When Should you Peak?
Why it Matters When You Achieve, not just What you Achieve.
When I was in my 30s, I became convinced that the best time to peak was in your mid-late fifties. Bryan Cranston, during the Breaking Bad era, was the inspiration. Up to that point, I knew Cranston as a character actor on sitcoms. He was Watley on Seinfeld, and the dad on Malcolm in the Middle. He was known and recognized, but not universally acclaimed to be one of the greats of his generation. Then came Breaking Bad, Oscar-nominated films, Emmys, Tonys, Screen Actor Guild awards, all in his mid to late 50s. Now he’s widely accepted to be a generational talent, and an all around great human being. ChatGPT was kind enough to graph Cranston’s career arc, making some guesses about the tail end because Cranston is not that old (sorry Bryan, I wouldn’t have drawn the downward slope!).

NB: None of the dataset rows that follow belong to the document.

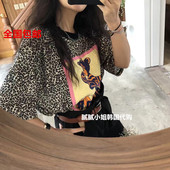 洋气百搭卡通小豹子豹纹短袖 韩国东大门代购 VETIVER T恤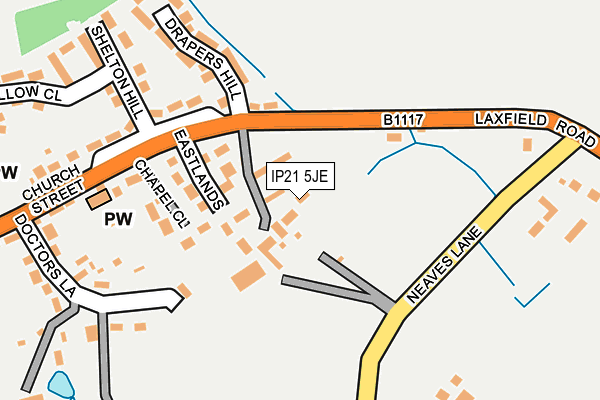 IP21 5JE map - OS OpenMap – Local (Ordnance Survey)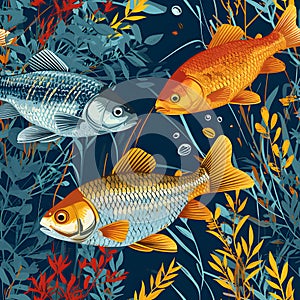 fish as they navigate through underwater reeds. AI Generated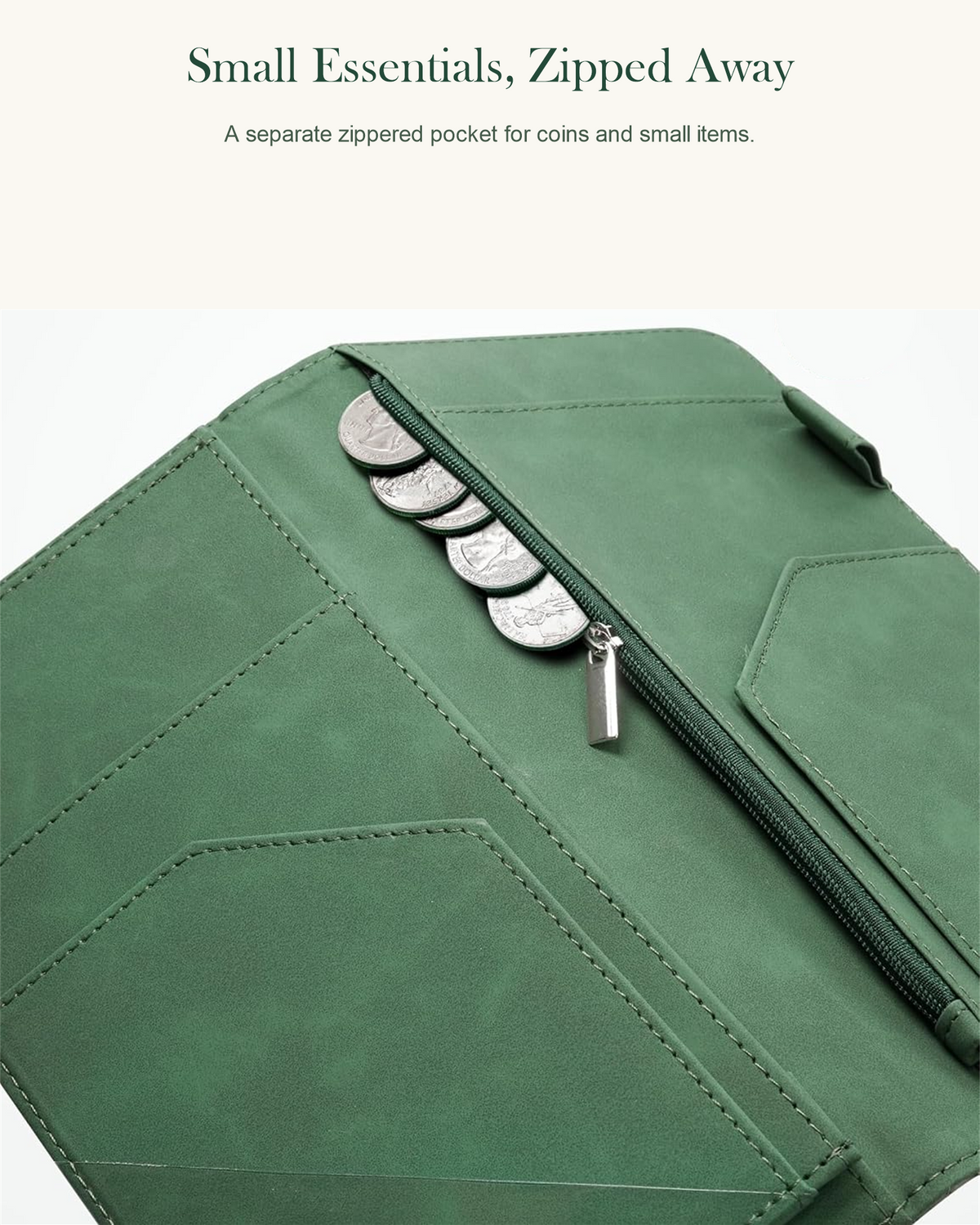 Mymazn Green Floral Expandable Server Book — separate zipper pocket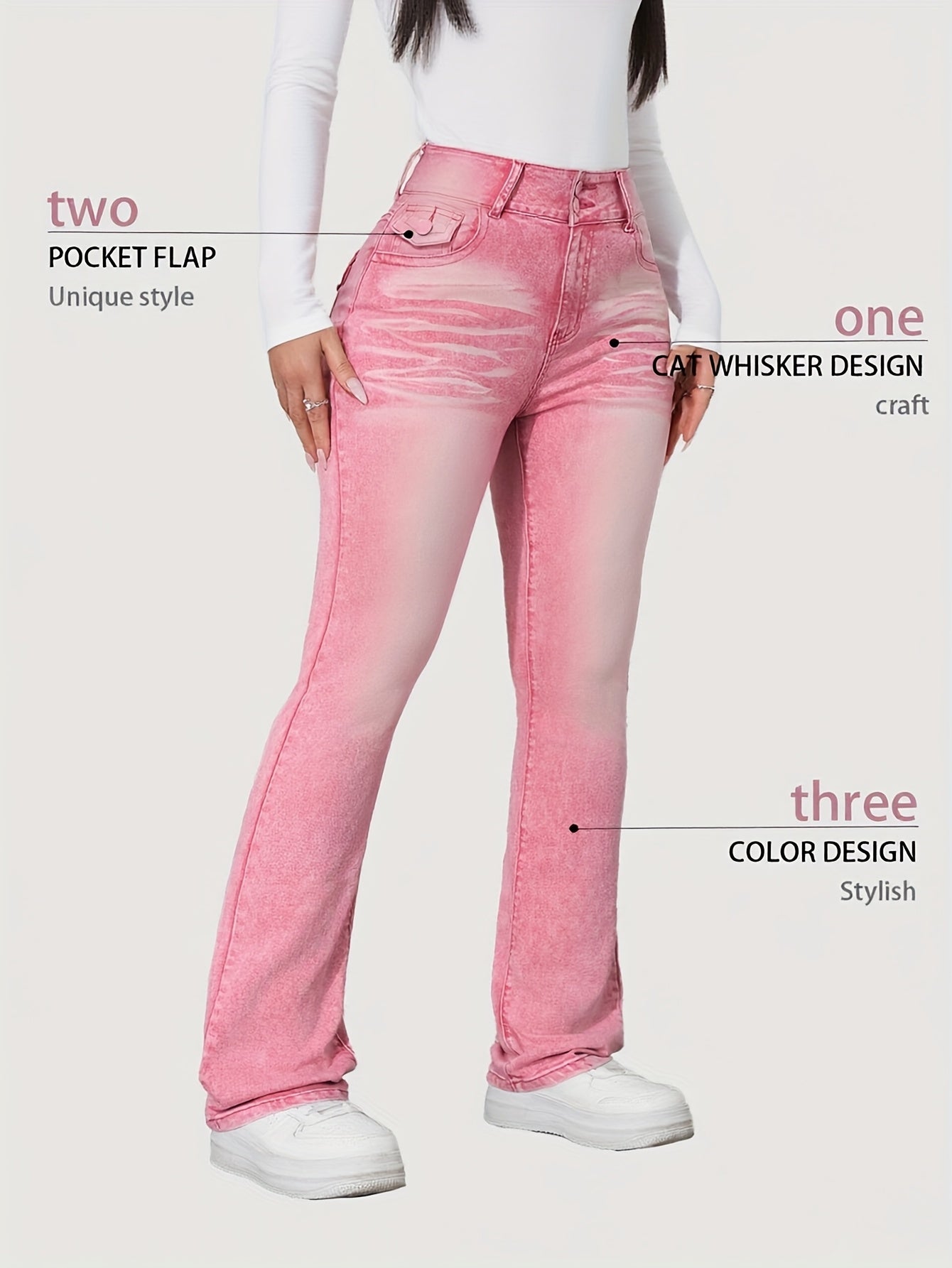 Women's Skinny Jeans - Pink Pocket Detail – view 8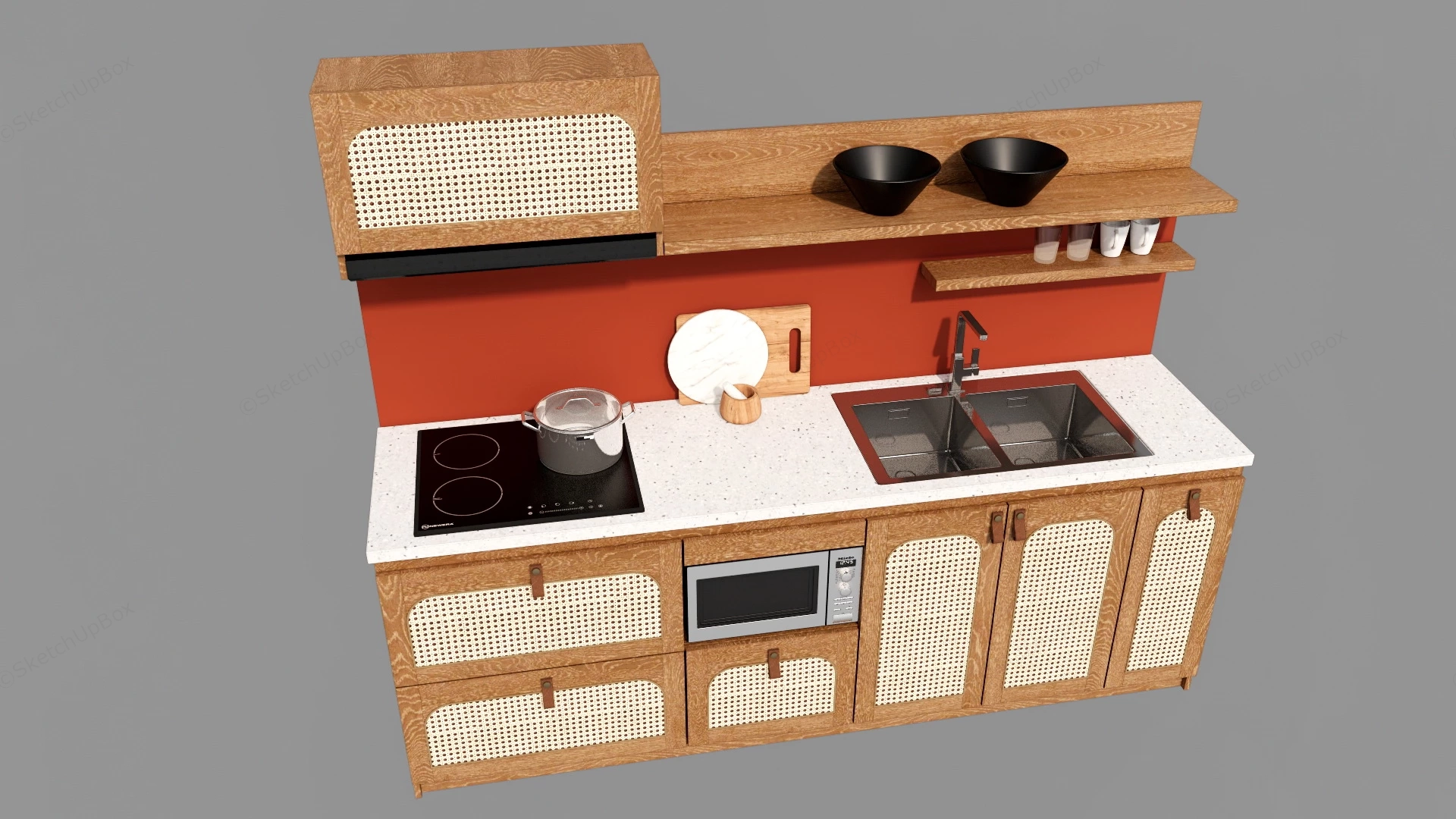 Small Retro Kitchen Cabinet sketchup model preview - SketchupBox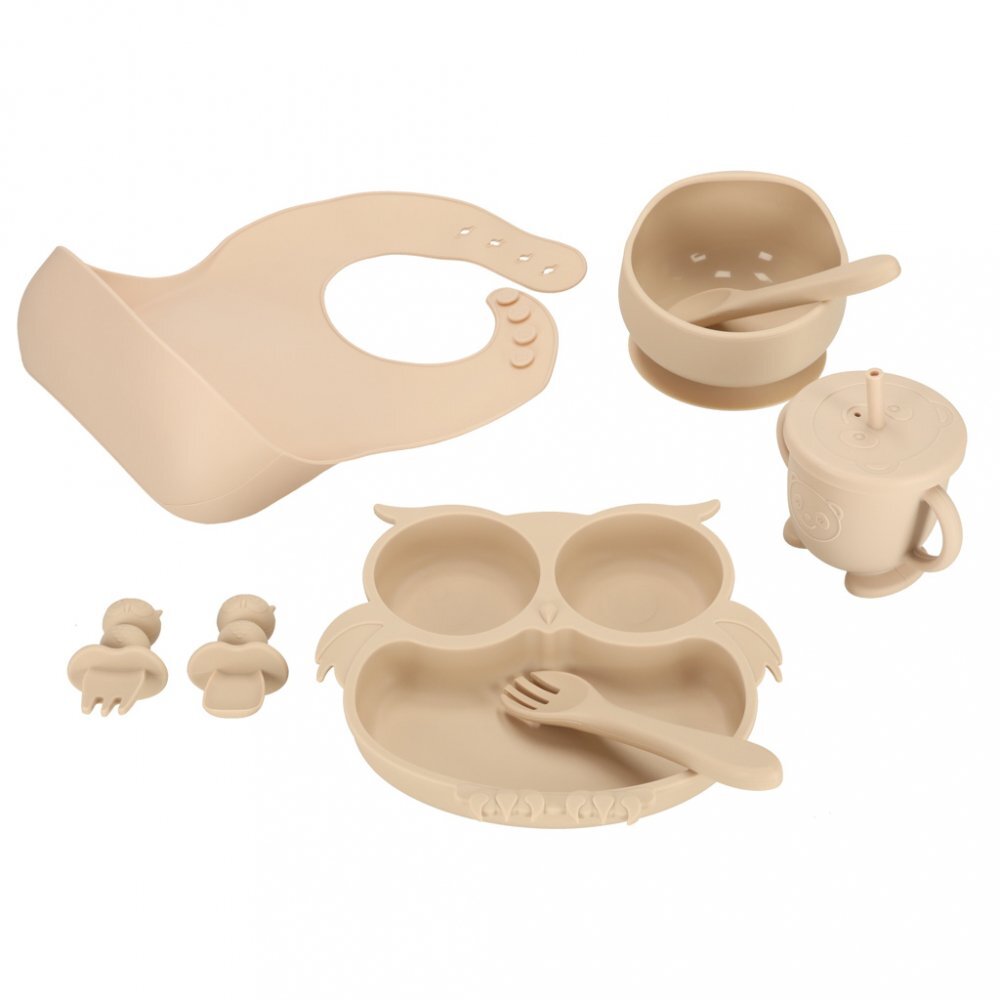 Ikonka Set 8 piese diversificare hrana bebelusi din silicon alimentar durabile si flexibile bol si farfurie cu ventuze tacamuri cana cu pai model Beige Owl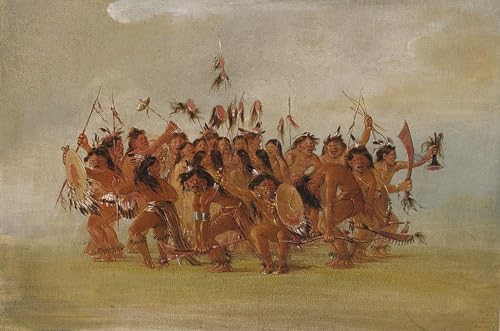 DQCJIYIGL Berühmte Gemälde Leinwand Plakat Abstrakter Druck Kopfhauttanz Mündung des Teton River von George Catlin Tier Poster für Heimtextilien 60x90cm von DQCJIYIGL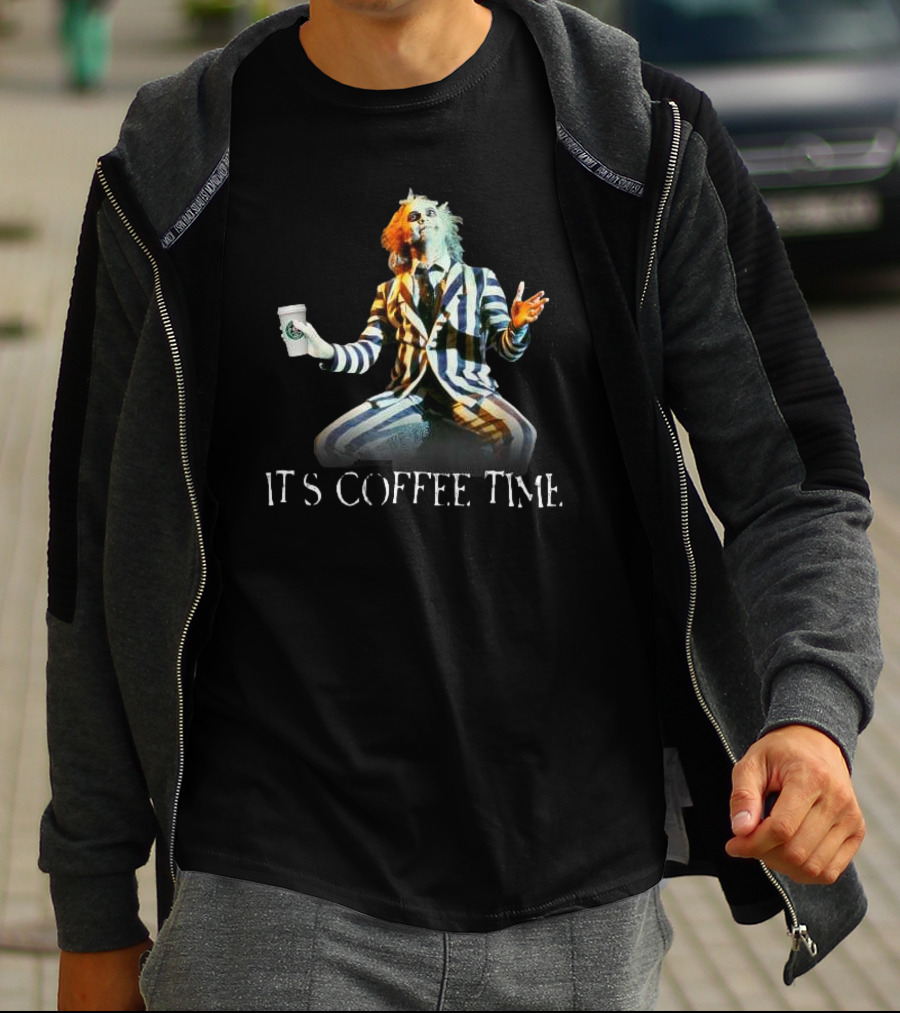 Beetlejuice Holding Coffee It’s Coffee Time T-Shirt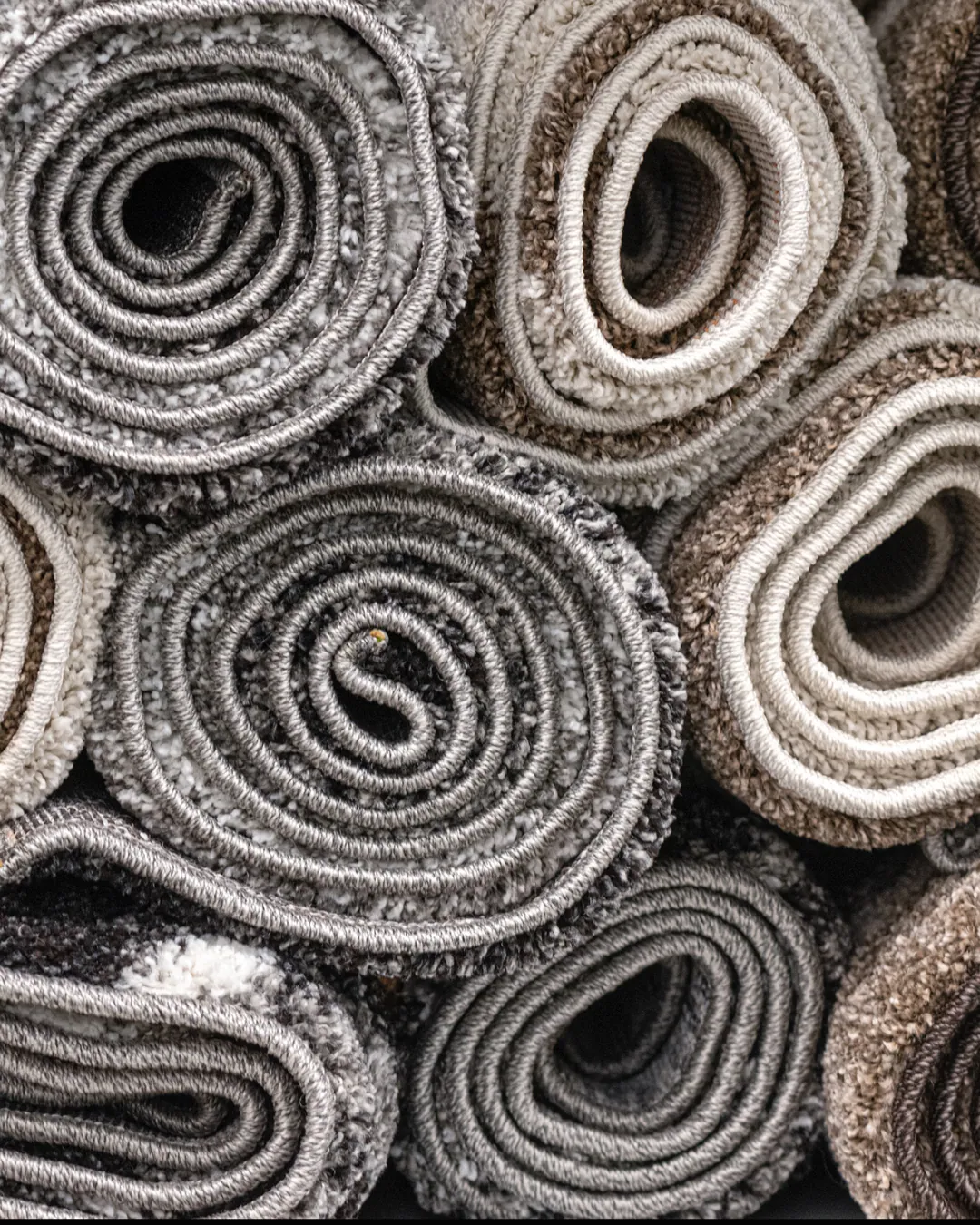 Carpet samples laid out for an in-home consultation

At the time, I took Cranston’s career arc to be normative; it was something to strive for. The best time to peak was in your mid to late fifties. The other person I remember admiring a lot was Marc Maron, whose earlier career and life failures were a theme in the early days of WTF, a podcast which ended up driving his career renaissance in his mid to late 50s. Recently, Maron, now in his early 60s, announced the end of the show, capping a peak that came with many comedy specials, a few television series, film roles, books, and critical acclaim for his interviewing prowess.
As soon as I was convinced that the best time to peak was in the mid fifties, I started structuring my life to achieve it. It is an ongoing project, and we’ll see in about a decade if it pays off. It is a gamble because there are two ways I can fail. The 20-year-plan might not pay off. To state the obvious, “succeeding” is a success term; it is possible to take all the steps and still fail; the world still need to cooperate. But the other way to fail is that I am wrong about the best time to peak. Maybe I reach my mid 50s and realize it was far better to have peaked in my 30s, or wait until my 70s. There wasn’t any rigor to my thinking. I just found people I identified with who were peaking and wanted to peak at the same time they did. Not everything you believe and act upon has to survive philosophical scrutiny. But now that I am halfway through the project, maybe it is time to build an argument. Maybe it will keep me motivated for the next 10 years.
Principle 1: If you peak in middle or high school, you’ve lost.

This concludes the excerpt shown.